EDAM is a simple ontology of well established, familiar concepts that are prevalent within bioinformatics, including types of data and data identifiers, data formats, operations and topics. EDAM provides a set of terms with synonyms and definitions, organised into an intuitive hierarchy for convenient use.
You can browse EDAM here:
Latest stable version
Versioned releases:
OBO format is no longer supported.
EDAM includes 4 main sub-ontologies or 'branches' of concepts:
- Data - “Information, represented in an information artefact (data record) that is 'understandable' by dedicated computational tools that can use the data as input or produce it as output.”
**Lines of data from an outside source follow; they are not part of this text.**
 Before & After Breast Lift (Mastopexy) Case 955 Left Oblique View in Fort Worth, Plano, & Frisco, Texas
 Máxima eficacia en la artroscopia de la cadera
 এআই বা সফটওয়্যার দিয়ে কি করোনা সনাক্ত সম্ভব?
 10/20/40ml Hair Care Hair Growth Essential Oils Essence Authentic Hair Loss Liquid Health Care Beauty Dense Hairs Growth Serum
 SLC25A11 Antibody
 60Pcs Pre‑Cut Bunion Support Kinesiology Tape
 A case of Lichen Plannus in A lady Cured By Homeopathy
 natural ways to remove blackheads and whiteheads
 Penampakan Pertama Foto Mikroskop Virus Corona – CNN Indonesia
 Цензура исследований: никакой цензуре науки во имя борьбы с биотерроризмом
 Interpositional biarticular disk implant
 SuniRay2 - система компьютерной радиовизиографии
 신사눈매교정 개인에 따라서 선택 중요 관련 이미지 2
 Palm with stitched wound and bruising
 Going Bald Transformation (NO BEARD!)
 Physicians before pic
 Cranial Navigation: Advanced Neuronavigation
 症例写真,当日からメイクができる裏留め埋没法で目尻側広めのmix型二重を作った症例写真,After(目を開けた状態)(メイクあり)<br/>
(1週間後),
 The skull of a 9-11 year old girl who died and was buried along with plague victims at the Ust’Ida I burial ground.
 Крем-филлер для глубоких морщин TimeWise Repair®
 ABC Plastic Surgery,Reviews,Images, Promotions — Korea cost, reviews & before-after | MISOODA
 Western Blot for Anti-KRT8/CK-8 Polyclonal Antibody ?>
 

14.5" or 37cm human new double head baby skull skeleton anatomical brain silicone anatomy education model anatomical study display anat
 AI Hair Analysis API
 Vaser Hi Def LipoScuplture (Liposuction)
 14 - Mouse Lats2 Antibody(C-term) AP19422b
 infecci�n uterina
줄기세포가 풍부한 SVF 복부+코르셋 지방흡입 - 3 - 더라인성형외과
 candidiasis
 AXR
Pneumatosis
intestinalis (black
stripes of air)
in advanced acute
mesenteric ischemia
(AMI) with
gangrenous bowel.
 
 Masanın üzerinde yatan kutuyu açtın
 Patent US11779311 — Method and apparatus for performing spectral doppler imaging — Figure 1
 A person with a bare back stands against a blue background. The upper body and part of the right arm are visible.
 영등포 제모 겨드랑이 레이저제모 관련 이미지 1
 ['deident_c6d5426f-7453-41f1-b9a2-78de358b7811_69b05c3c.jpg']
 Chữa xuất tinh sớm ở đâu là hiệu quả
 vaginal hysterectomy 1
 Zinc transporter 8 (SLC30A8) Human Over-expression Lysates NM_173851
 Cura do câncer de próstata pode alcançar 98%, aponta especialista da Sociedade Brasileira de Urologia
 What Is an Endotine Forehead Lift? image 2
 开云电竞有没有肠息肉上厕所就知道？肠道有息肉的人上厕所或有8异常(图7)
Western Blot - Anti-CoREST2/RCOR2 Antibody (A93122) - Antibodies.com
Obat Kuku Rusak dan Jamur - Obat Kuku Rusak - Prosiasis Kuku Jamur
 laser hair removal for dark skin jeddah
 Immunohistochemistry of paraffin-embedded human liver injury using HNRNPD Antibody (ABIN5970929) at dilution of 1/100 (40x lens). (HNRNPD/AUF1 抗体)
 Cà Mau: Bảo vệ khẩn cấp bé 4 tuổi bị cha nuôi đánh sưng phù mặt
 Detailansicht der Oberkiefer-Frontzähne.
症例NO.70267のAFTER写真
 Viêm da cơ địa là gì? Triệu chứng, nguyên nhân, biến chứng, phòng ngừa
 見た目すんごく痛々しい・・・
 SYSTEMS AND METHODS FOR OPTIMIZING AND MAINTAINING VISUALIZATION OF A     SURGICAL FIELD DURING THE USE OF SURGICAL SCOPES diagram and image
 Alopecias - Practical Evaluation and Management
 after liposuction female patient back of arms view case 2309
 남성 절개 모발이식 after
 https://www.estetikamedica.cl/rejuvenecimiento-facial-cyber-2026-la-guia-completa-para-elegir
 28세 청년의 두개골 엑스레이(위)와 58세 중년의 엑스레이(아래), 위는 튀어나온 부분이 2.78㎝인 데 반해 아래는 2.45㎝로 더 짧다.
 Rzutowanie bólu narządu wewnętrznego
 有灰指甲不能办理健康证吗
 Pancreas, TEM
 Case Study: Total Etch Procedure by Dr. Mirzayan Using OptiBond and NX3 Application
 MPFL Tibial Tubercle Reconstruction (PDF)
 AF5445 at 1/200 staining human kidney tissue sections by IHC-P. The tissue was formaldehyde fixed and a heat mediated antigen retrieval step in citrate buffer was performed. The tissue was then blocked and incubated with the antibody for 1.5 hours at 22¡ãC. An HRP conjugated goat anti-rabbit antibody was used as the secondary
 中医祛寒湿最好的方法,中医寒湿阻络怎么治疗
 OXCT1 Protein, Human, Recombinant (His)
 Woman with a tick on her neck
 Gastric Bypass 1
- Format - “A defined way or layout of representing and structuring data in a computer file, blob, string, message, or elsewhere.”
- Operation - “A function that processes a set of inputs and results in a set of outputs, or associates arguments (inputs) with values (outputs).”
- Topic - “A category denoting a rather broad domain or field of interest, of study, application, work, data, or technology. Topics have no clearly defined borders between each other.”
- Data->Identifier - “A text token, number or something else which identifies an entity, but which may not be persistent (stable) or unique (the same identifier may identify multiple things).”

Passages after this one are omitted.